- _TO DO_
Leaving out the pictures, write out exactly each line from the line with "this 480×269 image." through the close of the listing below.

_ _ _ _ _

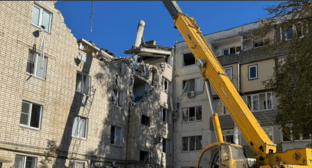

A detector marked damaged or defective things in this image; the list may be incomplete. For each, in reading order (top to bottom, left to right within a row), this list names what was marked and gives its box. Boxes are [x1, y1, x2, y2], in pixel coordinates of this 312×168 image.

broken window [31, 3, 51, 32]
broken window [26, 50, 47, 79]
broken window [20, 100, 42, 129]
broken window [72, 117, 88, 139]
damaged residential building [0, 1, 174, 168]
broken window [182, 106, 201, 122]
damaged residential building [173, 15, 310, 167]
broken window [246, 92, 272, 111]
broken window [182, 136, 201, 152]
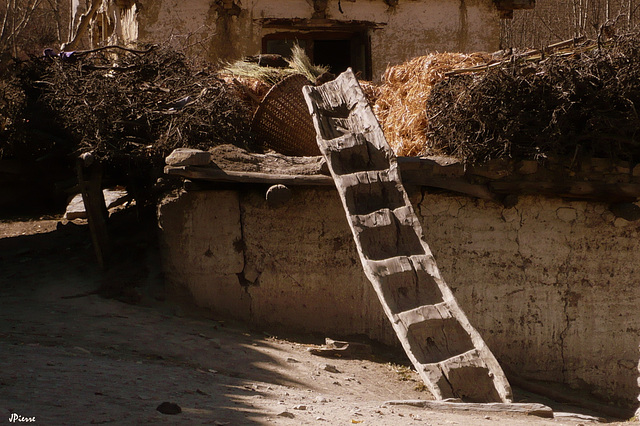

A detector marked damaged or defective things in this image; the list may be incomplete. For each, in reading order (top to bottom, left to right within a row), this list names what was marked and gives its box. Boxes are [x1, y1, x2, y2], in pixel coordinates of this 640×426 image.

cracked mud wall [131, 0, 500, 81]
cracked mud wall [159, 186, 640, 406]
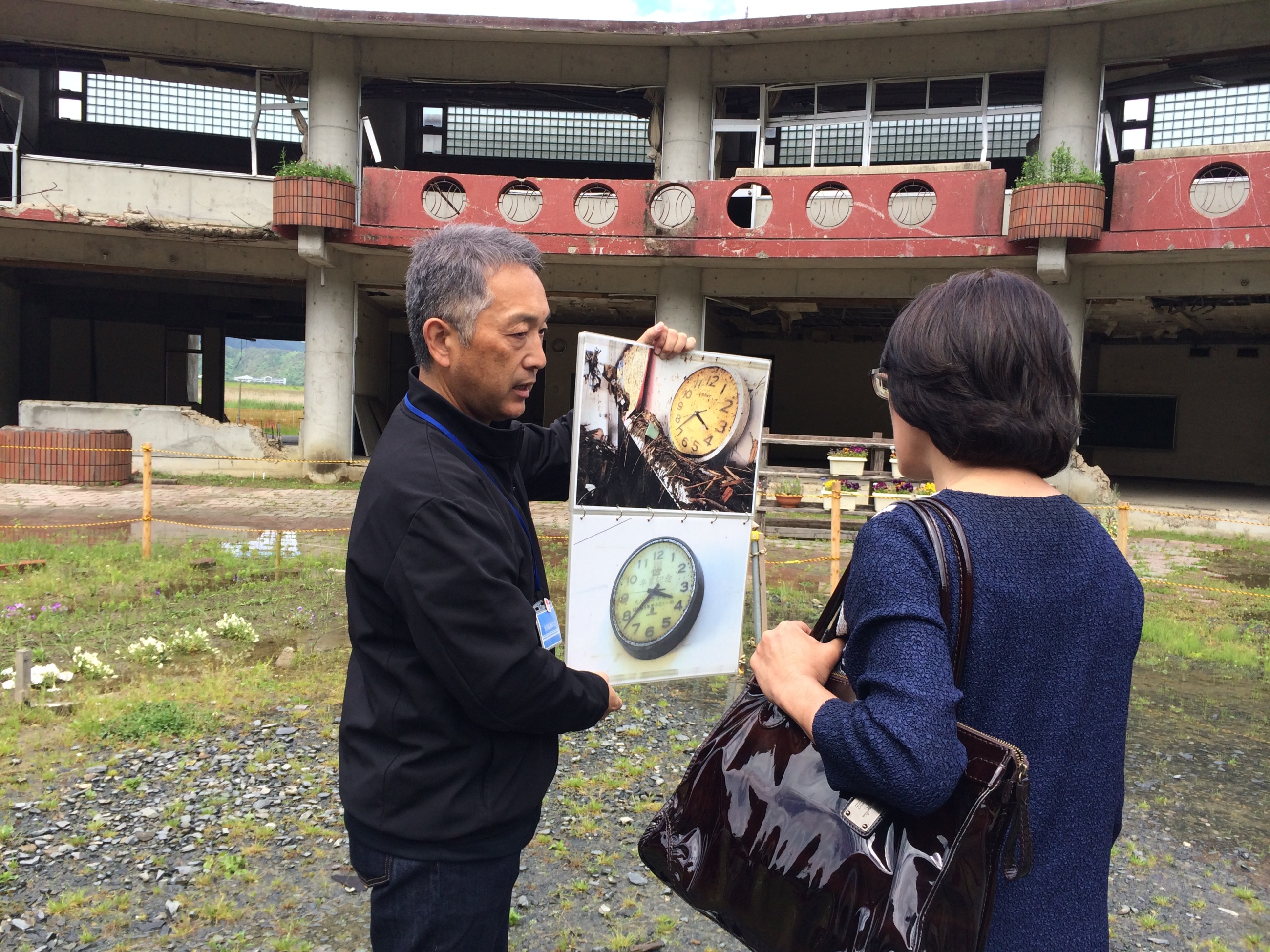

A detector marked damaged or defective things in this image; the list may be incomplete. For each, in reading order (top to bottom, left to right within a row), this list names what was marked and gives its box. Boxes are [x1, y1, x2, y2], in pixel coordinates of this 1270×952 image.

damaged clock photo [571, 334, 766, 516]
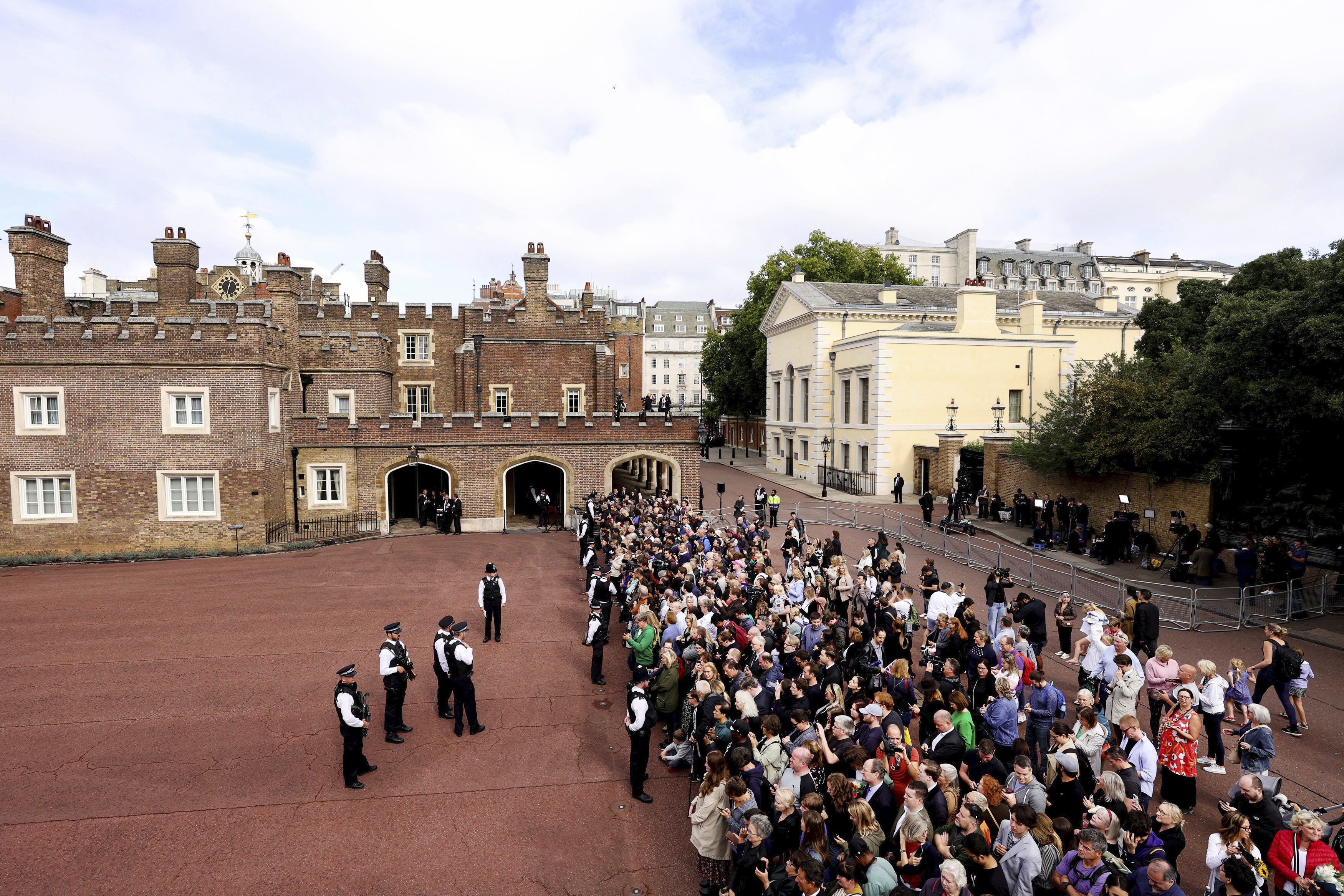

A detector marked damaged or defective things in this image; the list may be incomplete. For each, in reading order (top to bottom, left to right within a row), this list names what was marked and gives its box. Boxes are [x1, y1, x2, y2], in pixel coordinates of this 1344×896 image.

cracked pavement [0, 532, 694, 896]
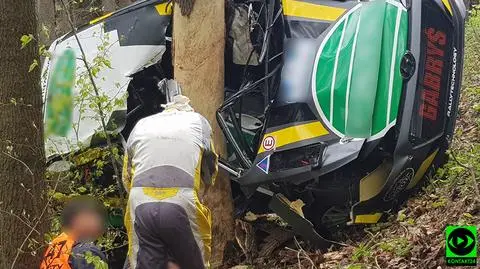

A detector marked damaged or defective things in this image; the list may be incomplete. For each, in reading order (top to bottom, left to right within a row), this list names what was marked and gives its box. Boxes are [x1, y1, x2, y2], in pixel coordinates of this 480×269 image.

crashed rally car [43, 0, 466, 244]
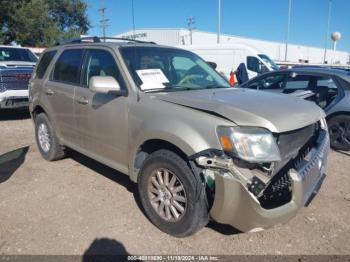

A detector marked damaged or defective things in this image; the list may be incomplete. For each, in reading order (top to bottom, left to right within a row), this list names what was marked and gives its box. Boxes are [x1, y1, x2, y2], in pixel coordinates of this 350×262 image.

damaged suv [28, 37, 330, 237]
broken headlight [216, 126, 282, 163]
crumpled front bumper [209, 130, 330, 231]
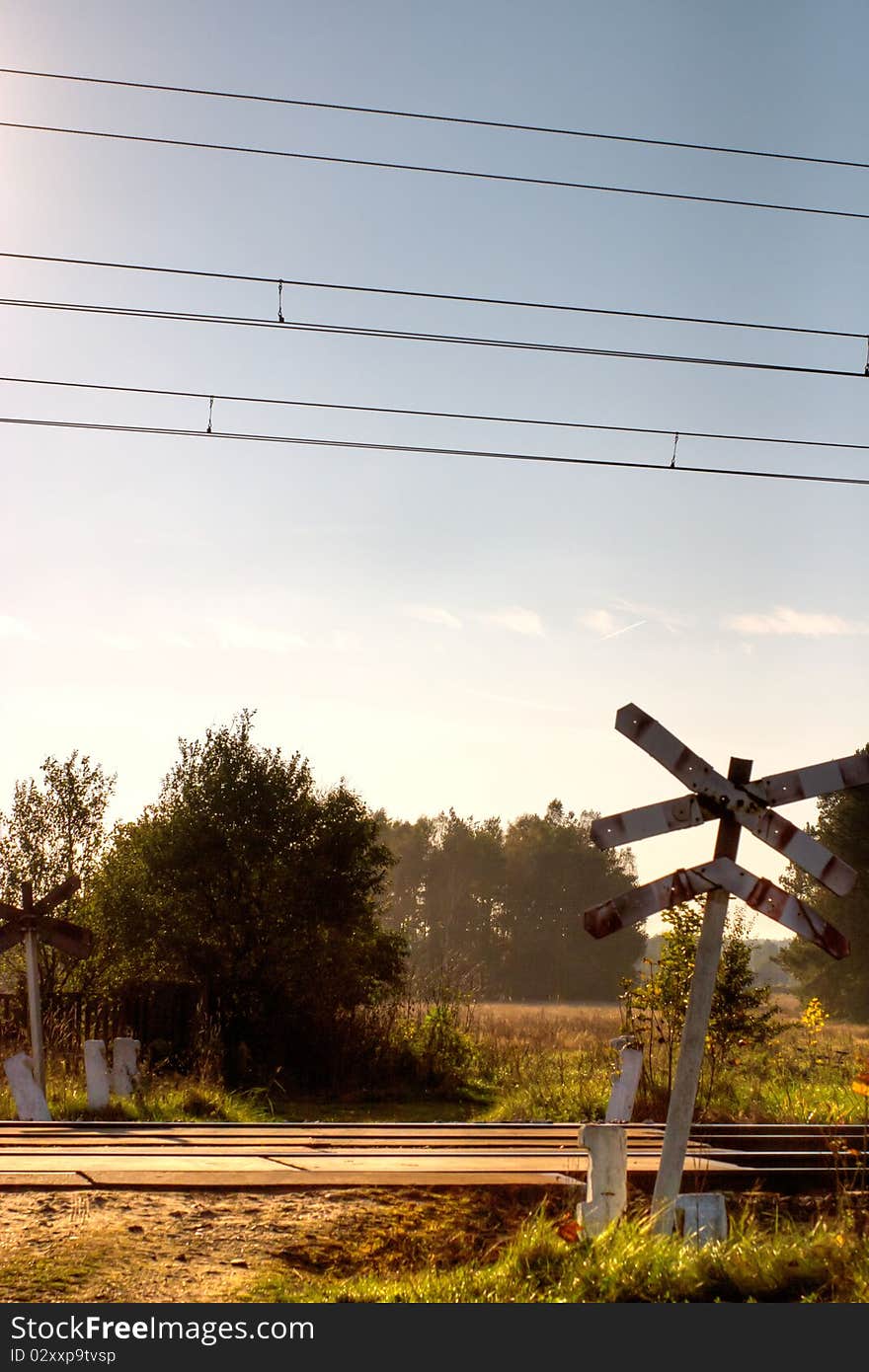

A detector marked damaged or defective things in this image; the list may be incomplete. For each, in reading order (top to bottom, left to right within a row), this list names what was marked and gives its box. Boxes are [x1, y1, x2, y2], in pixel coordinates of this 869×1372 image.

rusty metal cross sign [0, 877, 90, 1092]
rusty metal cross sign [582, 708, 862, 1235]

_ _ _ _ _

- _TASK ANSWER_
A detector marked damaged or defective things in this image; the list may be incomplete. For each, in reading order (top to bottom, left to right within a row), this list names what was marked and gives its box. Boxes are [x1, y1, x2, y2], in pixel coordinates of this 480×269 image.

crashed rally car [43, 0, 466, 244]

A detector marked damaged or defective things in this image; the list may be incomplete. For each, in reading order (top to bottom, left to right within a row), this list names what was marked and gives its box. Boxes are [x1, y1, x2, y2], in pixel coordinates of this 350×262 image.

damaged suv [28, 37, 330, 237]
broken headlight [216, 126, 282, 163]
crumpled front bumper [209, 130, 330, 231]

A detector marked damaged or defective things in this image; the list may be incomplete. For each, in reading order (top to bottom, left to right within a row), this list names what was marked and gives its box. Boxes are [x1, y1, x2, y2], in pixel coordinates of this 869×1372 image.

rusty metal cross sign [0, 877, 90, 1092]
rusty metal cross sign [582, 708, 862, 1235]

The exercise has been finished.